In other cases, however, the causes of flat feet range from pre-existing medical conditions. This includes the deterioration of tendons that support the arch, arthritis, diabetic foot disease, injuries, or even the wear and tear of aging.
Dr. Saar says any adult over the age of 50 who notices that one foot is getting flatter than the other should seek care from an orthopaedic foot and ankle specialist. Earlier treatment can avoid more extensive surgery in the future.
Flat Feet Symptoms
Flat feet often develop over time and involve symptoms that progress and may contribute to related conditions. Some patients with flat feet report no physical pain or changes. Others may experience a wide variety of symptoms, including:
- Difficulty walking or bearing weight on the feet.
- Inability to lift the heels off the ground while attempting to rise onto the toes.
- Bumps on the side of the feet.
Treatment for Flat Feet
Treatment options for flat feet include:
- Rest or avoidance of high-impact, repetitive, weight-bearing activities (i.e. running).

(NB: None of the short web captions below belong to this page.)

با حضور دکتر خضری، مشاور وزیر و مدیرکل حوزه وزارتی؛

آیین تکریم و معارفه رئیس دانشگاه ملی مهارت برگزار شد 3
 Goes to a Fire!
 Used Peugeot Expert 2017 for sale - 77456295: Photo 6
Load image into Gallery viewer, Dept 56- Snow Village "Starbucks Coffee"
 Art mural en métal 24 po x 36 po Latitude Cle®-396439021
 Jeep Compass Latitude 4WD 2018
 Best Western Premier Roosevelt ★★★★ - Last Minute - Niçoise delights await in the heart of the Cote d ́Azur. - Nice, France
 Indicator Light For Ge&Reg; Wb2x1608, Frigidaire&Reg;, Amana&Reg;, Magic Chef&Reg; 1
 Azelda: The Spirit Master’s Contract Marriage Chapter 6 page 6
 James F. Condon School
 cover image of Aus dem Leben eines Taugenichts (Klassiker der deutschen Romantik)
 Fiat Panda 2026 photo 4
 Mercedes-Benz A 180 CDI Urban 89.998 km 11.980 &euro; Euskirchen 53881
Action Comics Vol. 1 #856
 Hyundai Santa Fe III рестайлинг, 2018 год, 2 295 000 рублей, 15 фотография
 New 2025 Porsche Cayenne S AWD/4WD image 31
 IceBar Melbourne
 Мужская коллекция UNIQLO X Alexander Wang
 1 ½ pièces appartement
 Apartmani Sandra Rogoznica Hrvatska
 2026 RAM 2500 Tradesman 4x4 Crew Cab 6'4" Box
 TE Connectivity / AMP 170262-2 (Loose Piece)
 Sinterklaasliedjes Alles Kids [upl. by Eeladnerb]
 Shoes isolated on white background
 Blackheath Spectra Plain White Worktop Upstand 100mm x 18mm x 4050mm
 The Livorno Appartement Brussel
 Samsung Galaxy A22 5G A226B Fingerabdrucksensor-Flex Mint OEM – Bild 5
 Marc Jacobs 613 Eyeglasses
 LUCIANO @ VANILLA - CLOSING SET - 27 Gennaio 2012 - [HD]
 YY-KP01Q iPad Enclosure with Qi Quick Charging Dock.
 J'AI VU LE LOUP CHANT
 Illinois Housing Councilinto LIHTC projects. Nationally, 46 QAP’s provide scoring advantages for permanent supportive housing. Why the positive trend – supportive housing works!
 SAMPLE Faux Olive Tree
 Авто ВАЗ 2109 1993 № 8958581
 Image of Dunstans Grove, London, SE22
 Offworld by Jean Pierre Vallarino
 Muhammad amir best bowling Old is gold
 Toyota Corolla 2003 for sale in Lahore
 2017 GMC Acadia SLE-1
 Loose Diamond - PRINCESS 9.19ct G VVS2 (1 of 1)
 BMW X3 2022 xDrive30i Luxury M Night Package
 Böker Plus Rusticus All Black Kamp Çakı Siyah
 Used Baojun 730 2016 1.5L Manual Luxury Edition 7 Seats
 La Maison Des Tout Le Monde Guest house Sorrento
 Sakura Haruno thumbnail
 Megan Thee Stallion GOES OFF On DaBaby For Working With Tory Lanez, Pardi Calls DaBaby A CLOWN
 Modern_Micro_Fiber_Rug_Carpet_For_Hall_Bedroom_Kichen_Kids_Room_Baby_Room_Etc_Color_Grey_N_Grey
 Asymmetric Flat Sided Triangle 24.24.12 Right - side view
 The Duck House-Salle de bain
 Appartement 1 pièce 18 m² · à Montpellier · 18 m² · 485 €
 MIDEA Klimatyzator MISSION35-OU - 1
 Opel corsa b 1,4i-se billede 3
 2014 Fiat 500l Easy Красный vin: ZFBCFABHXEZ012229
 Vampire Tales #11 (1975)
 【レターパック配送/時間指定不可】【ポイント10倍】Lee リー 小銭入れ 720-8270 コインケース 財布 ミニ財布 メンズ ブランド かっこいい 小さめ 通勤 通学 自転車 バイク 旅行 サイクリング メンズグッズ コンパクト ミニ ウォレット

- Anti-inflammatory pain medications.
Nonsurgical treatment options like shoe modifications, rest, and medications can be very effective in managing pain and preserving both function and mobility in your feet.
Surgery for Flat Feet
In some cases, when conservative methods are not successful, surgery may be recommended. These surgical options include:
- Lateral column lengthening.
- Tendon reconstruction.
Following any sort of surgical treatment for flat feet, you will have to eliminate all weight-bearing activities for a period of two to three months. This rest period can prevent further difficulties and potential complications.
Whether you have a new injury or symptoms that include chronic foot, ankle, or heel pain, swelling, or limited movement, the foot and ankle experts at UPMC Orthopaedic Care can offer comprehensive treatment options to help you find relief. Visit our foot and ankle services page for more information, or call 1-866-987-6784 to schedule an appointment.
Editor's Note: This article was originally published on , and was last reviewed on .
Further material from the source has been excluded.